Om half elf echter stapte Coco, zonder moraal, een auto in. Eergisteren had ze midden op het Europaplein nog een huilbui gekregen van de rijlesstress. Op de bijrijdersplaats nam plaats mevrouw B. De gevreesde mevrouw B.. Coco was eigenlijk bij voorbaat al kansloos, had haar rij-instructeur gezegd. Binnen een minuut scheurde Coco de busbaan op en had ze een ingreep te pakken. Waarna zij van de schrik de ruitenwissers aanzette en in zijn drie de bocht doorging (op rijles ging ik in zijn vier, dus er zit verbetering in, vergoelijkte ze (ik moet hier eerlijkheidshalve aan toevoegen dat ik niet eens wist dat het door de bocht gaan gekoppeld was aan wat voor versnelling dan ook)).
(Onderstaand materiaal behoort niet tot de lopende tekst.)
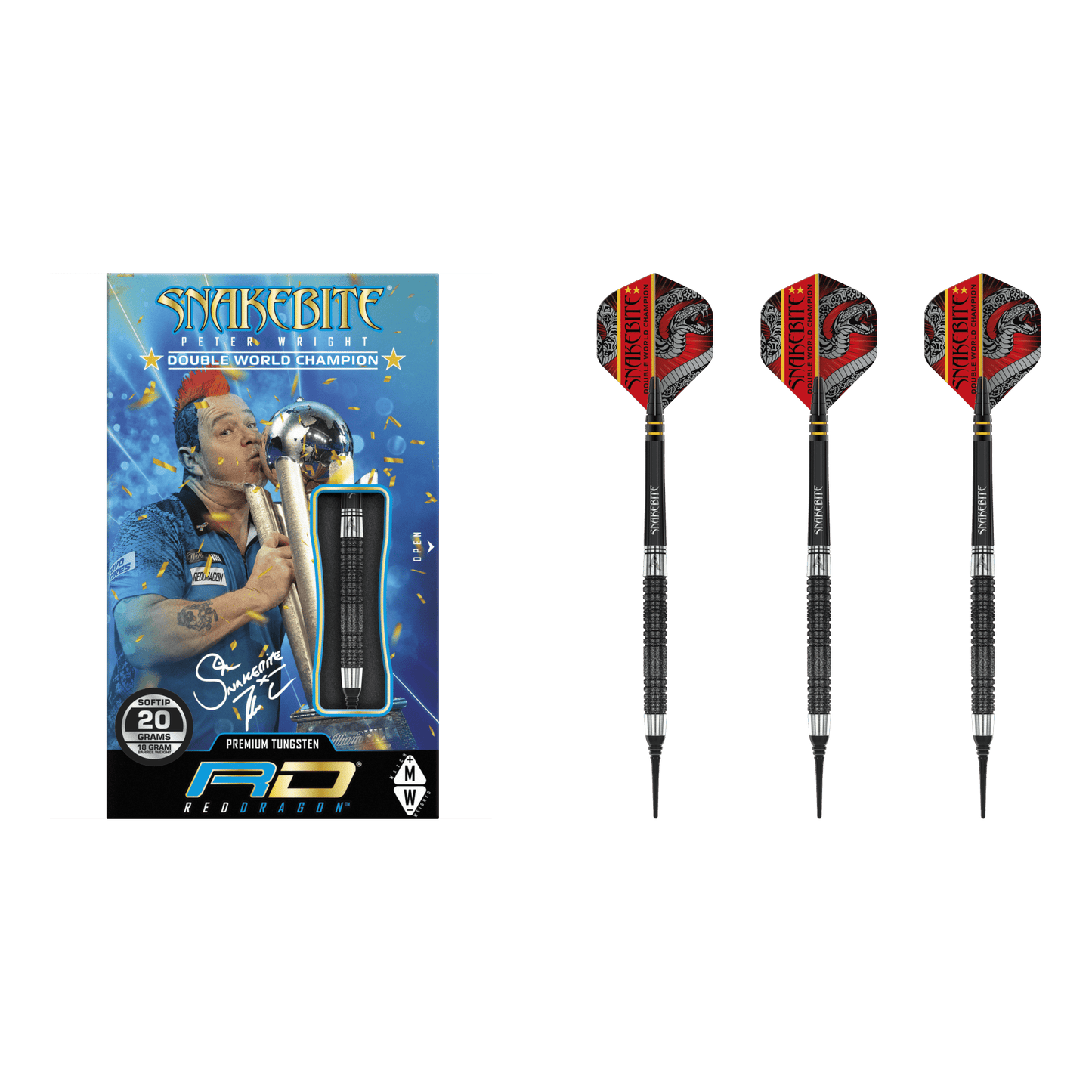 Red Dragon Peter Wright "Snakebite" DWC SE Black Soft Tip Darts 85%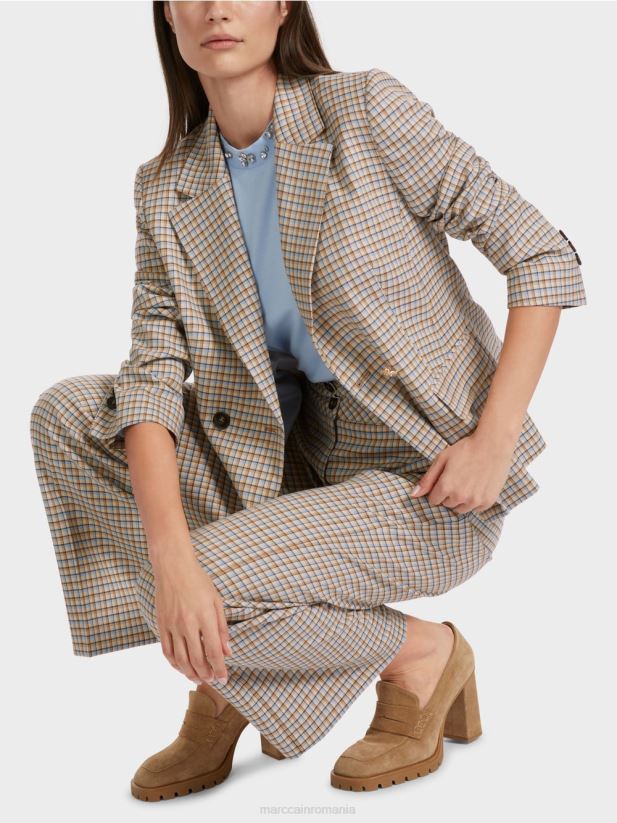 blazer în carouri Marc Cain cer întunecat de vară îmbrăcăminte 4826HH164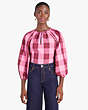 Greenhouse Plaid Top, Bright Honeysuckle, Product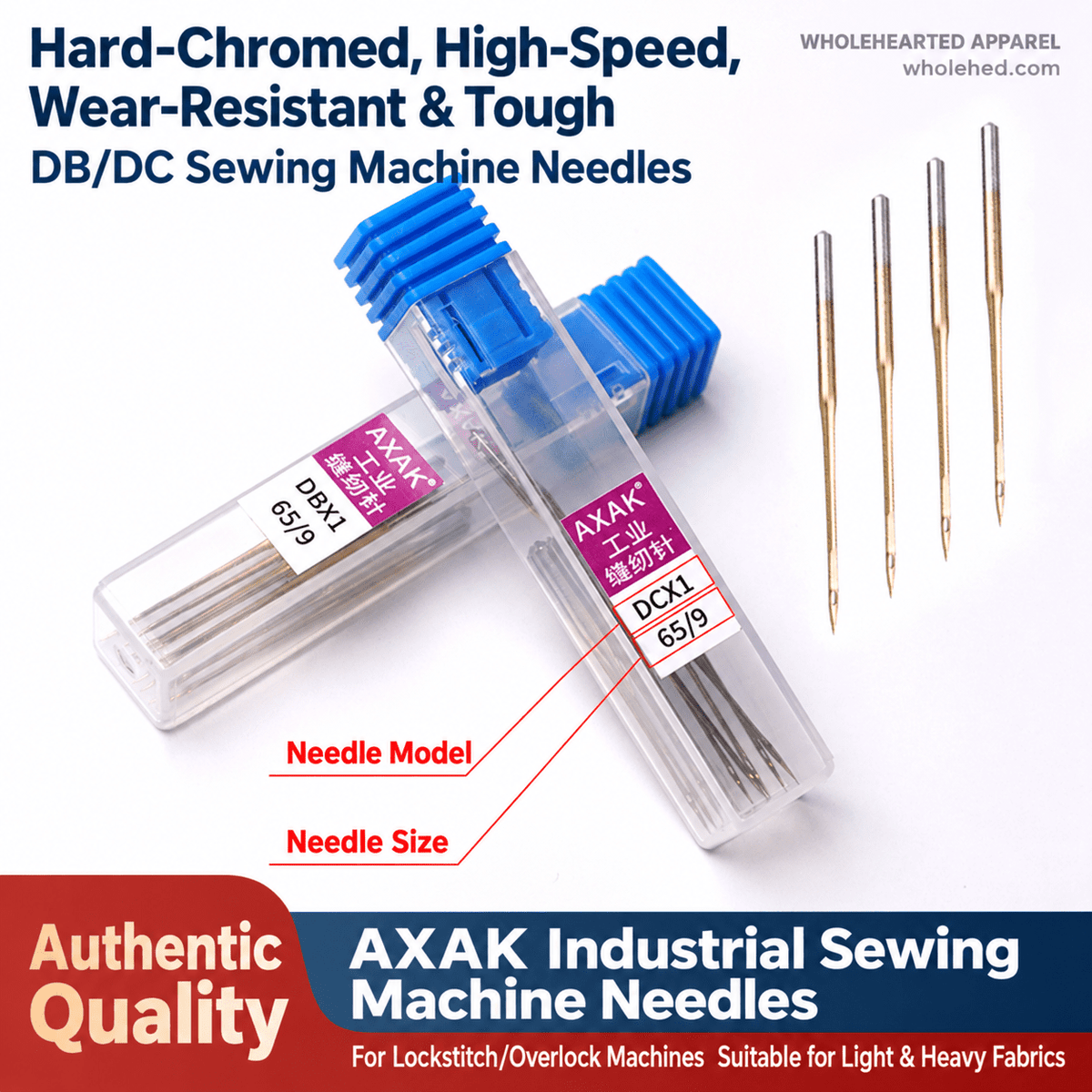 1689★ AXAK Hard Chrome Sewing Machine Needles, DBx1 for Lockstitch and DCx1 for Overlock Machines.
Na een half uur waren ze weer bij het CBR. "De schoonheidsprijs verdient het niet", zei mevrouw B., "maar het was wel veilig." Mevrouw B., met haar staalblauwe ogen had nog nooit iemand voor zijn eerste poging laten slagen. On-ge-lo-fe-lijk. Een ingreep en toch geslaagd!
Coco heeft een rijbewijs! En ik daardoor ook een beetje. We kunnen het niet geloven. Het is van zo'n gewoonheid dat we er euforisch van worden: er is iets doorbroken. Wat zal er nog meer voor ons weggelegd zijn?